• **Exercise**:
Where a picture appears, leave it out, and transcribe all the lines below exactly.

Dataset section section start

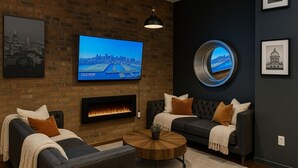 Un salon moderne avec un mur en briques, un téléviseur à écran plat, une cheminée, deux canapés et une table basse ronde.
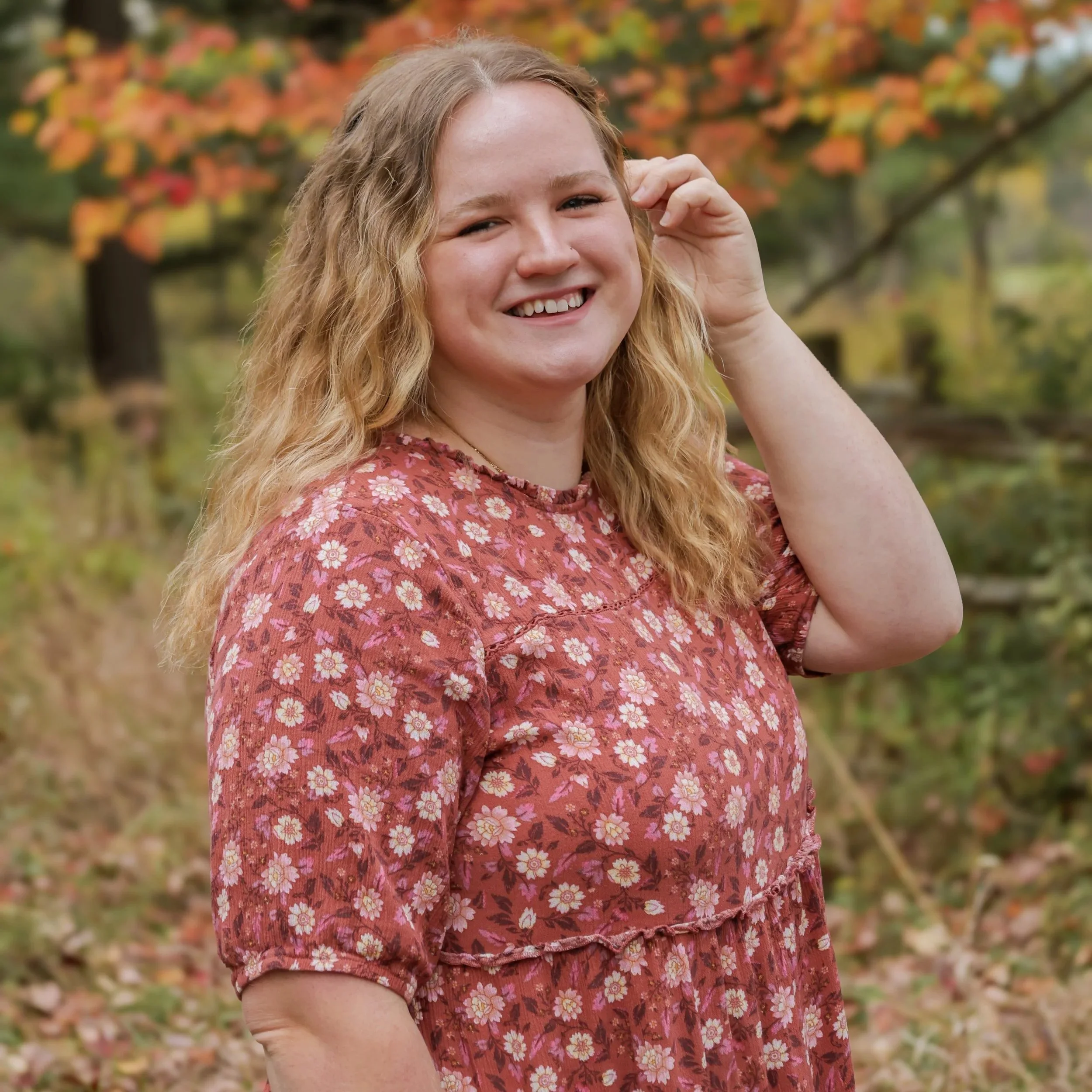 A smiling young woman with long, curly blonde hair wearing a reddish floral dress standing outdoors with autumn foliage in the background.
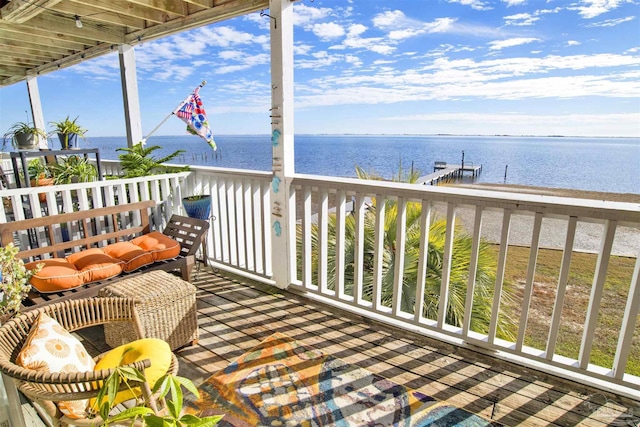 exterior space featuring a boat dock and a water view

Dataset section section end

• **Task solution**:
 Un salon moderne avec un mur en briques, un téléviseur à écran plat, une cheminée, deux canapés et une table basse ronde.
 A smiling young woman with long, curly blonde hair wearing a reddish floral dress standing outdoors with autumn foliage in the background.
 exterior space featuring a boat dock and a water view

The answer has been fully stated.